Nie ukrywam, że obawiam się ustawy wywłaszczeniowej – ustawy, która odbierze setkom tysięcy ludzi dorobek ich życia, czyli dom, w którym mieszkają. Nie, nie będzie to wywłaszczenie, „wprost” ale, de facto, wprowadzona tylnymi drzwiami ustawa wywłaszczeniowa w stylu chyba nawet gorszym niż za tow. Bieruta. Mam na myśli, grożący nam, podatek katastralny. Dziś, na skutek rozpasanego marnotrawstwa i niebywałego przerostu biurokracji samorządy lokalne kwiczą, że brakuje im pieniędzy i dlatego ten bandycki haracz chętnie wprowadziłyby już dziś. Z drugiej strony „Rząd” RP, czyli nasz okupant marnuje tak bajońskie sumy na utrzymanie legionów urzędasów – pasożytów, że chętnie pozbyłby się finansowania np. zadań celowych, na które musi wypłacać samorządom lokalnym pieniądze.

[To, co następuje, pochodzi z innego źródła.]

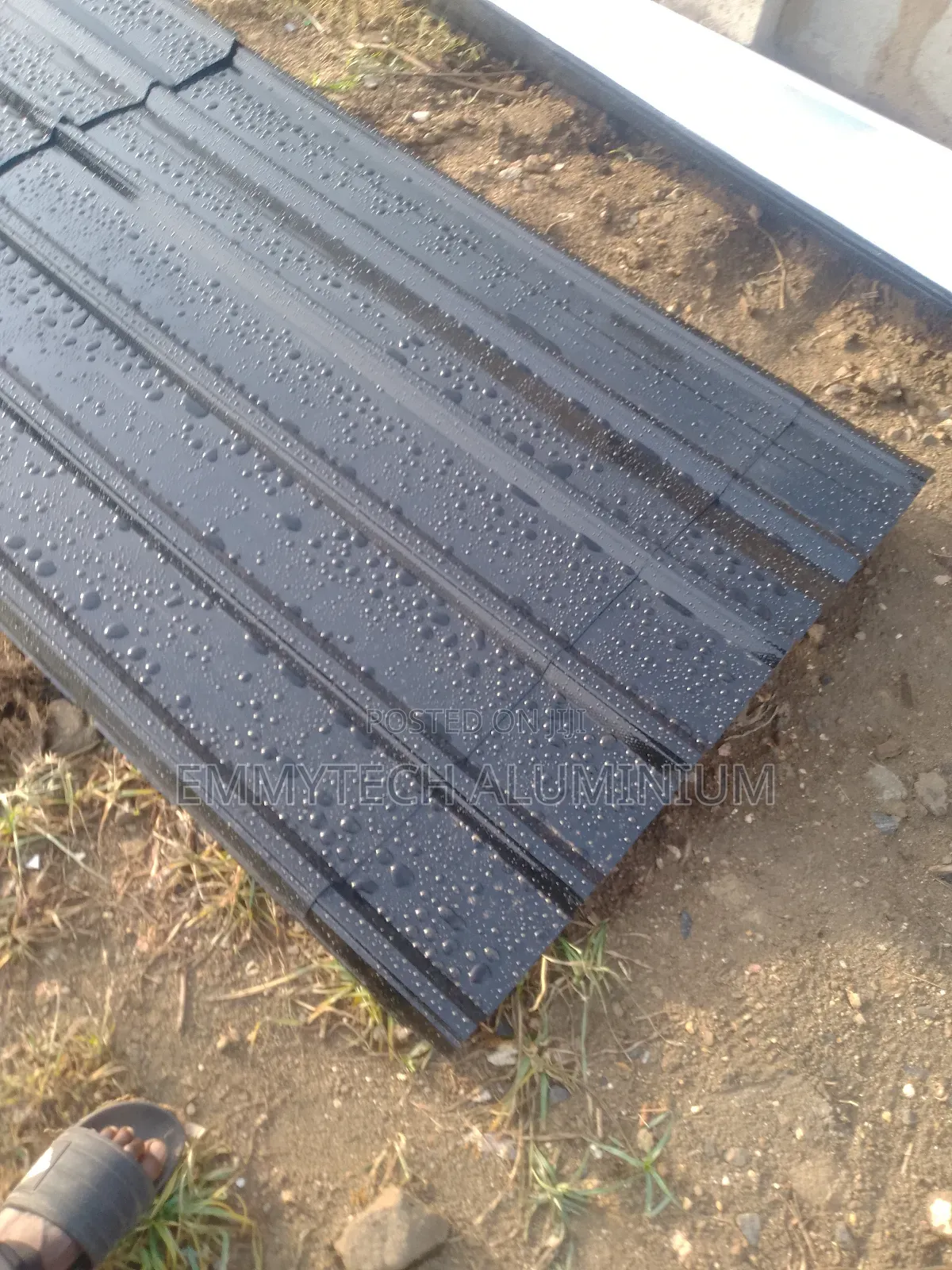 Quality Roofing Sheets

Co to jest podatek katastralny? Jest to podatek od wartości nieruchomości. Zwykle wynosi 1 – 2%. Zobaczmy jak to działa na przykładzie cen nieruchomości w Puszczykowie. Dziś, nie sposób, kupić tu domu w cenie poniżej pół miliona złotych. A więc przy „łagodniejszej” stawce podatku katastralnego właściciele takiego domu musieliby płacić urzędasom pięć tysięcy złotych rocznie – czterysta szesnaście miesięcznie. Bomba! A są to często mało majętni ludzie, emeryci, którzy już dziś oszczędzają przez całe lato pieniądze, żeby mieć, czym zapłacić za gaz (opał) w zimowych miesiącach. Zaznaczam, że obliczyłem stawkę tego podatku na możliwie niskim poziomie – 1 % a ta może być większa. Podkreślam też, że nieruchomość wyceniłem taniutko – pół miliona a w mieście takim jak Puszczykowo są one, zwykle, wielokrotnie droższe. Obawiam się, że reżimowe rządy, prędzej czy później, wprowadzą ten bandycki podatek skazując setki tysięcy najbiedniejszych ludzi na poniewierkę i bezdomność. A może wywołają rewolucję (pardon – kontrrewolucję!), która zmiecie tych bandytów z powierzchni Matki Ziemi.
A w Puszczykówku?
Nie wiem, po co ale spadł śnieg i rano miałem gimnastykę z szuflą na chodniku przed moim domem. Zabawnie było wczoraj! Przed laty wdarła się na moją posesję, urzędaska, która roznosiła pisma z informacją o wysokości podatku od nieruchomości – suka dostała taki wycisk, że odtąd przysyłano mi tę informacje pocztą. Ale widać już o sprawie zapomniano, bo wczoraj wdarł się na moją posesję wysłannik Urzędu Miejskiego w tej samej sprawie. Mało tego! Na zwróconą mu (grzecznie) uwagę odpowiedział stekiem wyzwisk. Zabawnie potem wyglądał stojąc na ulicy z głupią miną i… rozkwaszonym nosem… 😀
Co ciekawe: listonsze, inkasenci z gazowni, wodociągów, energetyki, którzy odwiedzają mój dom częścej niż siepacze z Urzędu Miasta nigdy, ale to NIGDY (!!) nie wchodzą na posesję bez mojej zgody. Dzwonią i czekają przy furtce, żeby ich wpuścić.